The church is not open for tours, but local events are held here throughout the year. They have had people from around the world plan their weddings here. I found this photo online on their website. Before plans are made, guests are made aware there is (1) no heat, (2) no facilities and (3) holds generally 50 guests.
So, what is next……………head back to Reykjavik. But not before seeing their only native mammal, the artic fox – IN The Wild. Eagle-eyes Eric, saw the fox cross the road several hundred yards ahead of us.
He definitely blended in with the countryside. Okay, okay, not the best photos, but hey – who expected to see an artic fox?
We weren’t so excited for our next sighting – traffic. After having minimal cars on the road during most of the time, this was a shock to the senses.
Looking to the driver’s left, Eric could see Reykjavik in the distance, but it seemed we were going the wrong way.
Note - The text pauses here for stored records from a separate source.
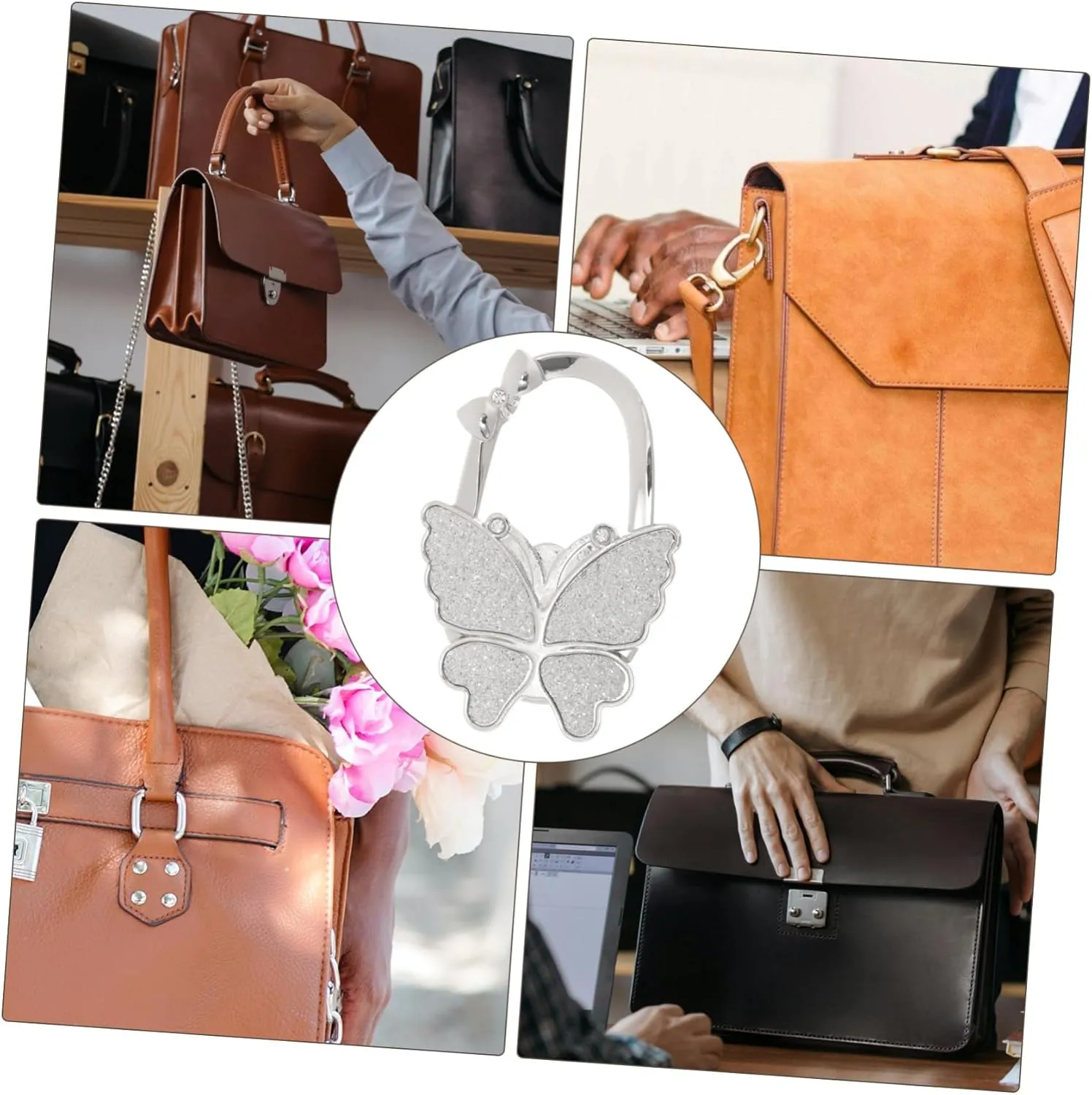 Gadpiparty Decorative Bag Hook Purse Hanger for Desk Stylish Butterfly Office Accessory Foldable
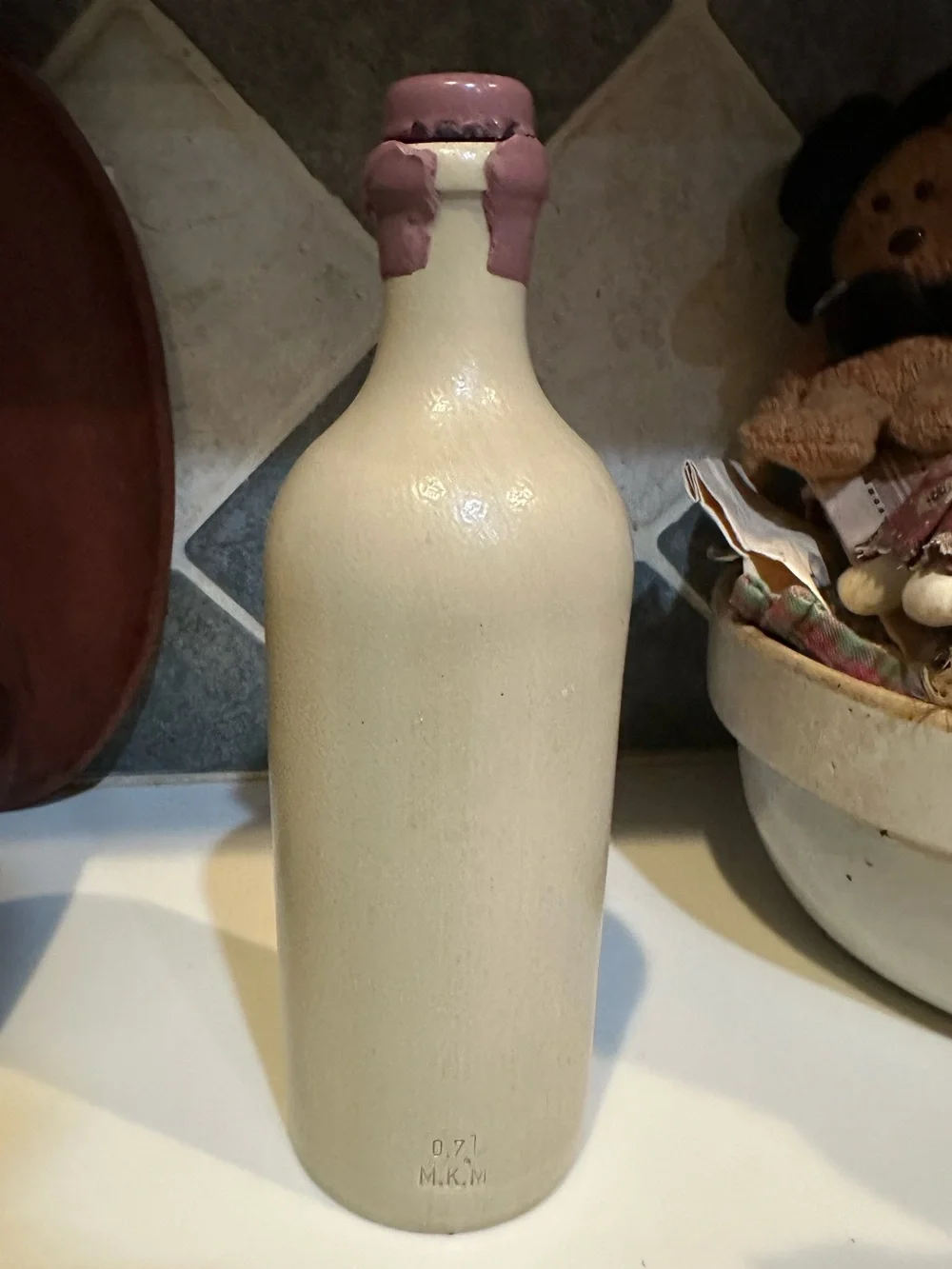 VTG MKM CROCK WINE BEER ALE CIDER VINEGAR CERAMIC CORK BOTTLE VASE CREAM GRAY .7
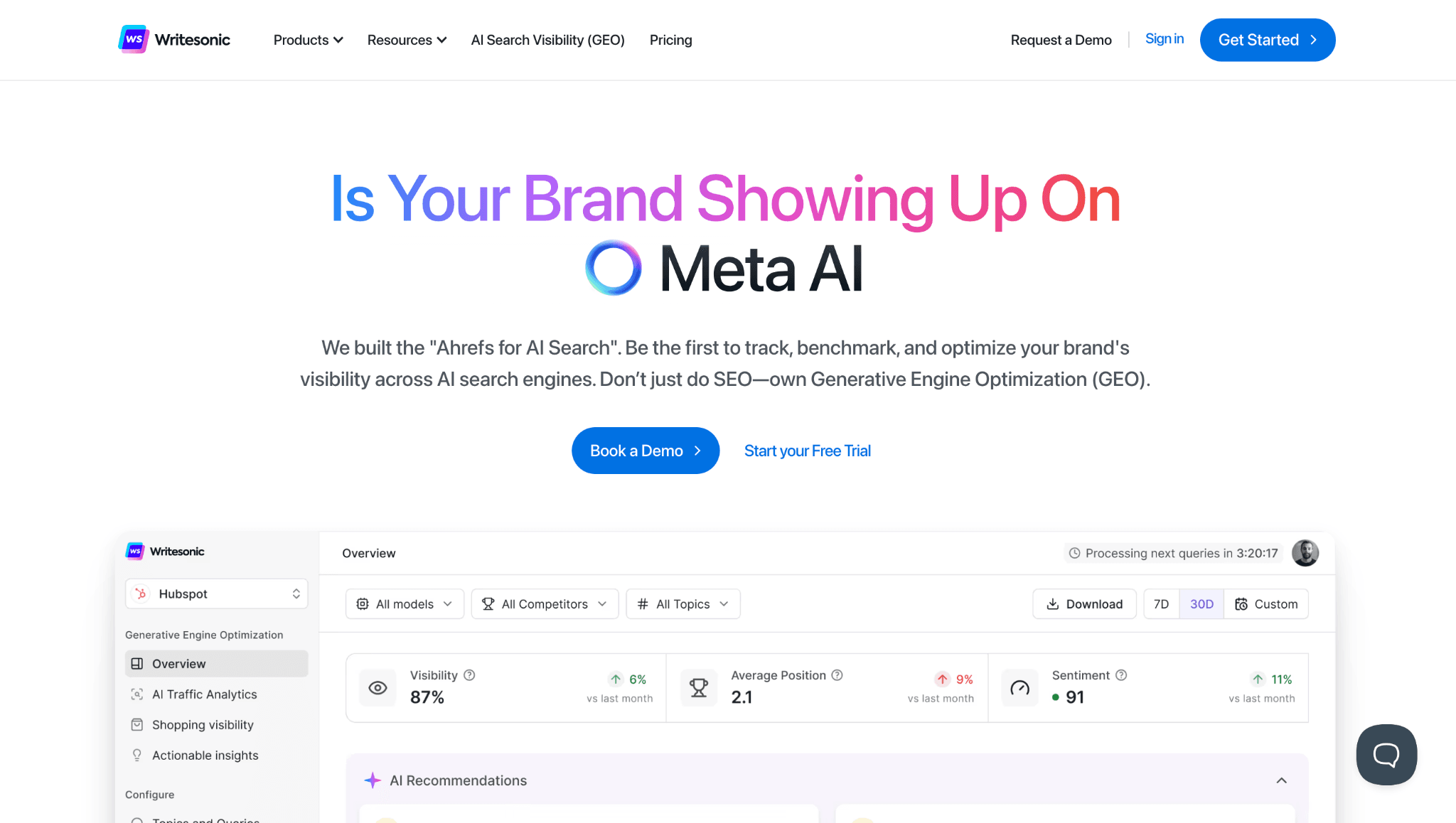 Writesonic – AI Visibility Tools and AI Content Workflow 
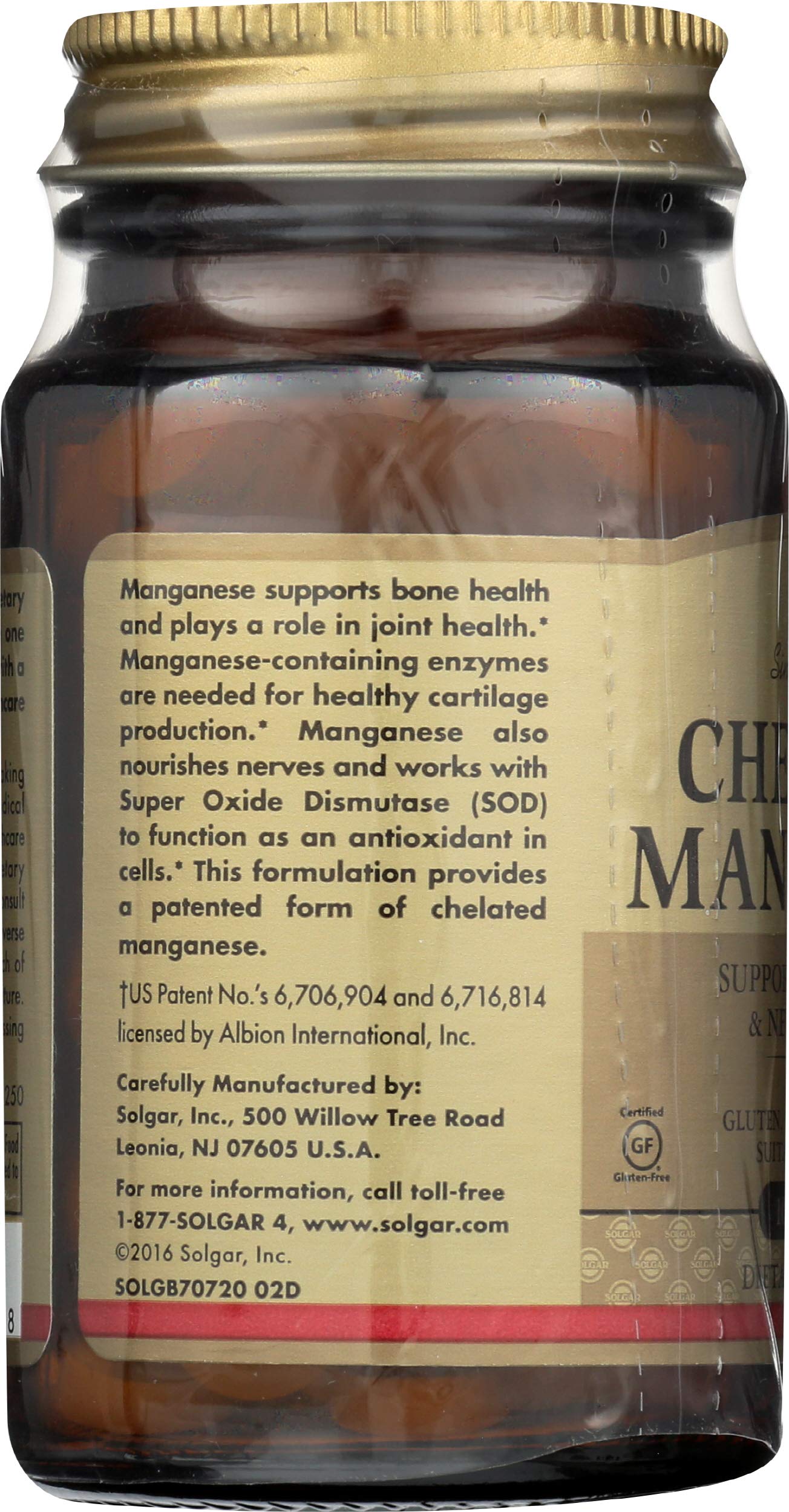 Solgar Chelated Manganese Tablets, 100 Tabs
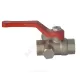 Кран шаровой латунь со спускником Ду 15 Ру40 ВР 1/2" рычаг красный полнопроходной со спускником РОС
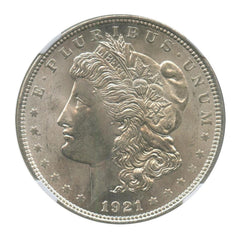 1921 No Mint Mark Morgan Dollar NGC MS63-2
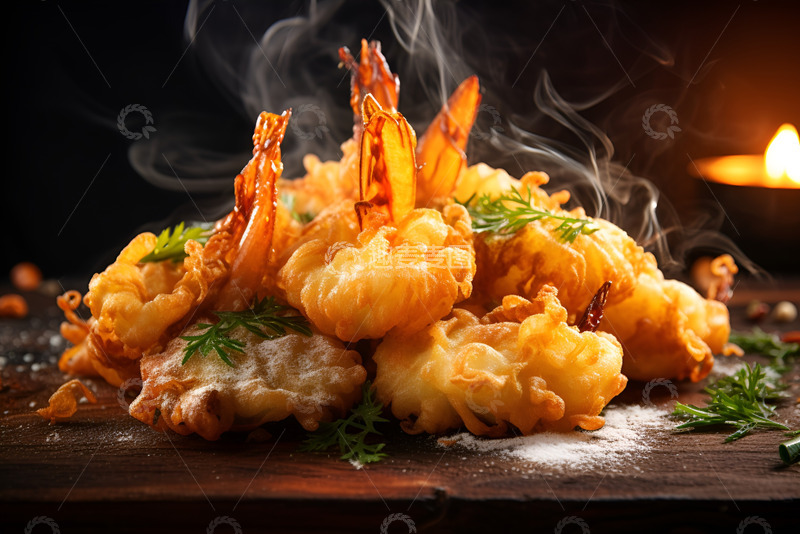 高清大图下载【趣麦麦图】新鲜的油炸大虾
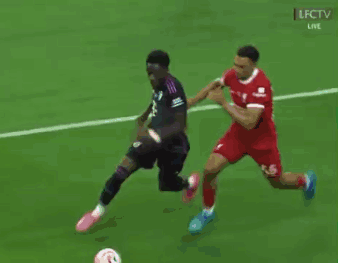 Two Soccer Players On Field Sponsored By LFCTV GIF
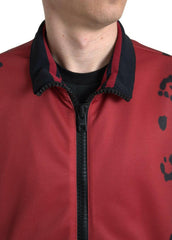 Red Leopard Print Bomber Jacket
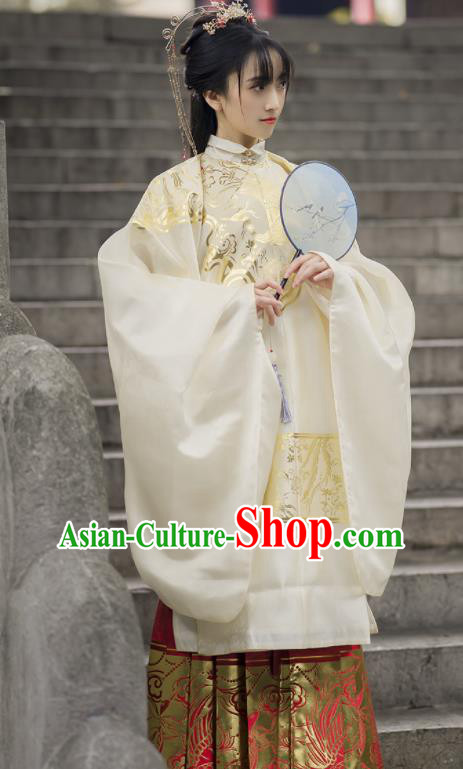 China Ancient Patrician Woman Garment Costumes Ming Dynasty Historical Clothing Traditional Hanfu Dresses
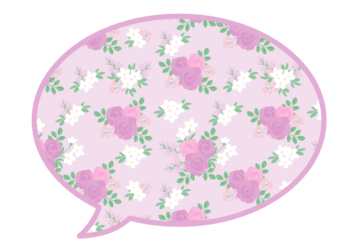楕円形吹き出しフレーム（花模様：薔薇柄）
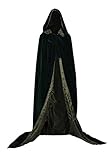 AngelWardrobe Halloween Hooded Cloak MEDIEVAL Various Colors Wedding Cape SCA Dark Green-Dark Green XXXL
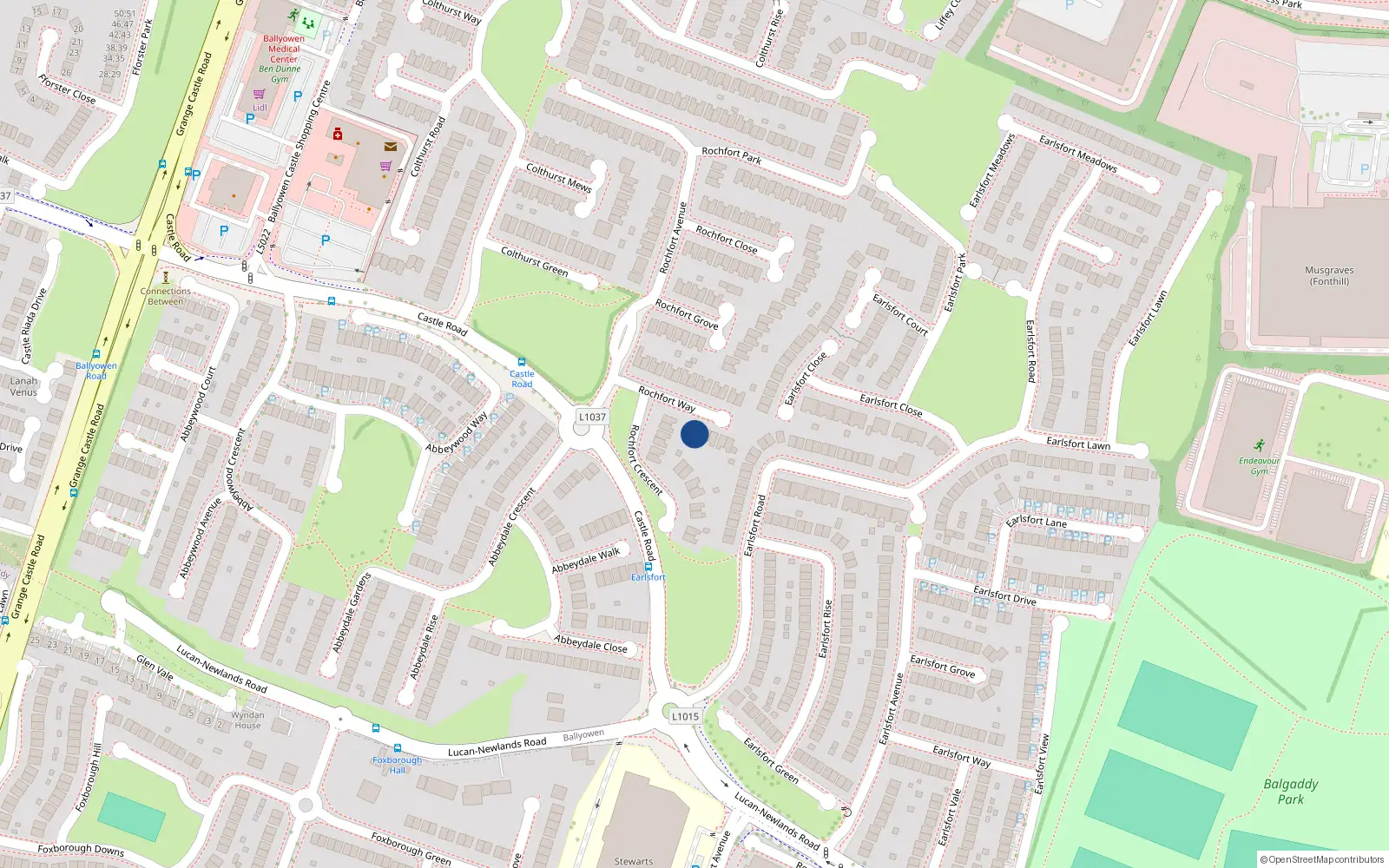 Overhead map showing the location of 3 Rochfort Way, Lucan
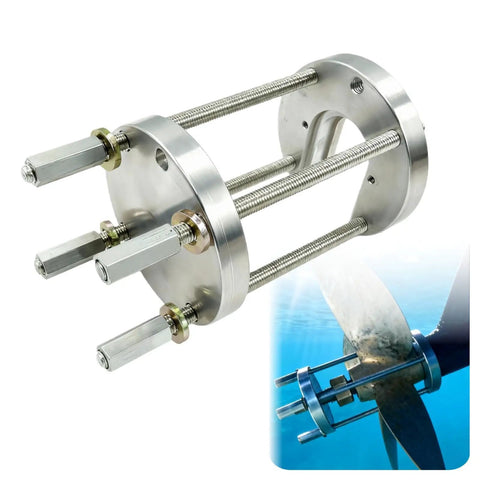 Heavy Duty Boat Prop Puller Kit For Three Or Four Blade Props, Ultra Wide Hub Fit Up To Four And One Eighth Inch, Works On One And A Half Inch To Two Inch Prop Shafts, Marine Propeller Removal Tool, Easy Install And Durable Upgrade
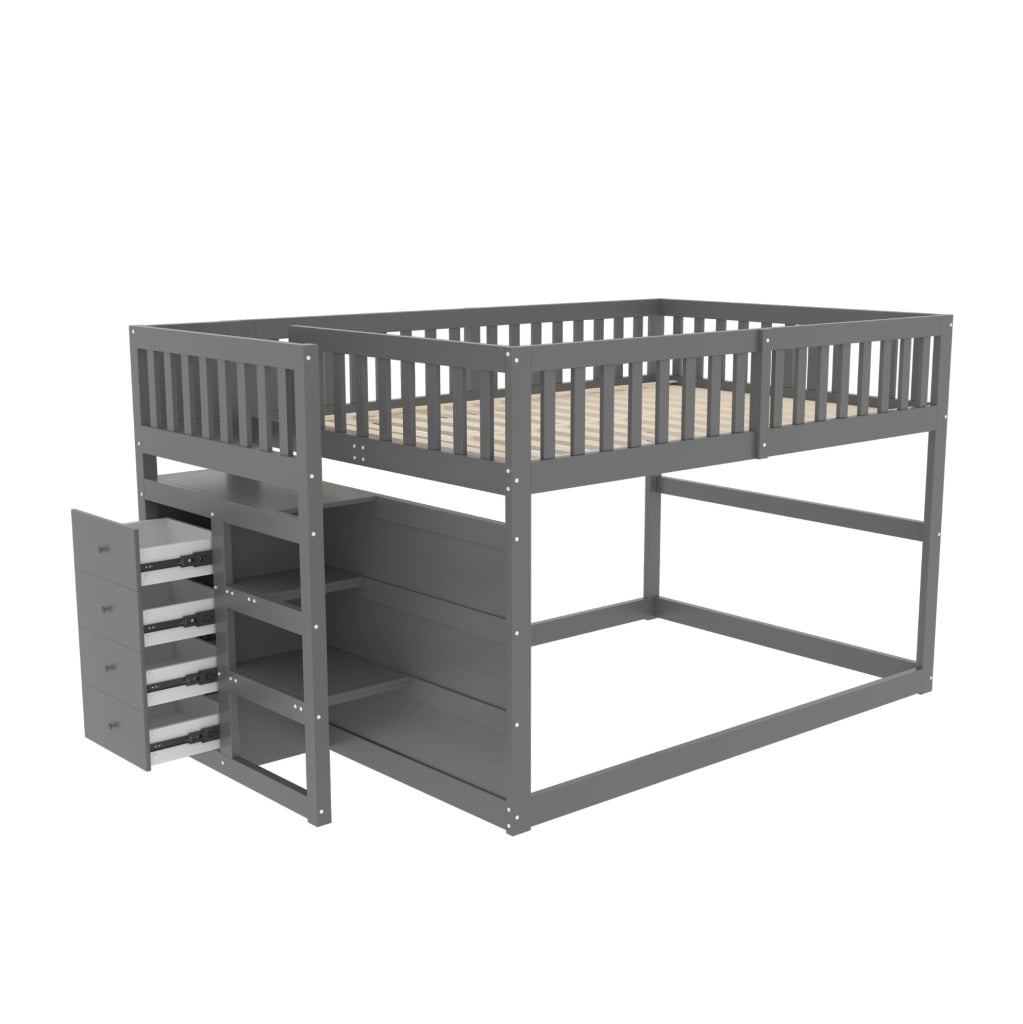 Letto a castello basso 140 x 200 cm grigio con scala e cassetti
Yep, another tunnel, but this one under water for almost 6 km.
All of the other tunnels we experienced on the ring road were through mountains. I liked those better – just saying.
We are staying at the same hotel (Storm Hotel) where we started our adventure. We had one more photo to get…………….Sun Voyager, the place we began the Ring Road journey and the place we ended the Ring Road experience.
While technically we were no longer on the ‘Ring Road’ since we turned off to explore the Snaelfellsnes Peninsula………..I wanted continuity with my posts. There you go.
Grundarfjordur
Our city for the night was situated on the North Snaefellsnes peninsula, exactly in the middle of the northern peninsula coast. The town was between a mountain range and the sea. Due to its natural harbor it was a center of trade for the peninsula since the 15th century. Fishing boats come in and out, offloading their catches – except when we were there. We arrived on the weekend AND it was an Icelandic holiday. Even their grocery store was closed – not good, but I’m getting ahead of myself.
My previous post ended with wind and rain. That’s where this starts. We stayed at a former post office that had been converted into guest rooms. Yep, still raining. We should be using an umbrella but we don’t have one and it seemed silly to drive in the small town – so we walked and got soaked.
We were on the ground floor, with our own bathroom and an extra bed.
A nice restaurant was fairly close and easily walkable. Website indicated it was open and cars were in their parking lot. Closed for a private event that evening. Uh oh. Find a plan B. Googled more eating establishments and walked to Harbour Cafe – it’s open, but everyone not part of the private event was there. BTW – still raining.
It’s generally bad news when you enter and a person asks ‘Do you have a reservation?’. Another couple was ordering and being seated at a table for five with the caveat it needed to be vacated at 7pm. She asked if we could join them – they gave us a thumbs up and said yes. Thank you!
I needed a beer. The lighter one on the right was mine and I was keeping up with Eric.
They also had a bar, beer on draft and wines – pretty nice for this very small establishment.
Eric started with the langoustine soup – fitting for tonight. It was steaming hot, filled with veggies and BIG. He had enough for all of us.
My lamb steak was just what I needed that evening. The potatoes were crunchy and the salad crisp – delicious.
Eric was staying with seafood, ordering Icelandic cod.
When we got our beers, they put a slip of paper on the table, 7pm. We were fine with that and not offended. Our ‘new best friends’ were from Belgium and had gotten their food fairly quickly. Did we make it out by 7pm? We could have but……….not a chance nor our fault. The waitress came towards our table, looked at me and said ‘What? Where is your food?’ That was exactly what we were thinking and it was 7:10pm. Needless to say, it came fairly quickly after that.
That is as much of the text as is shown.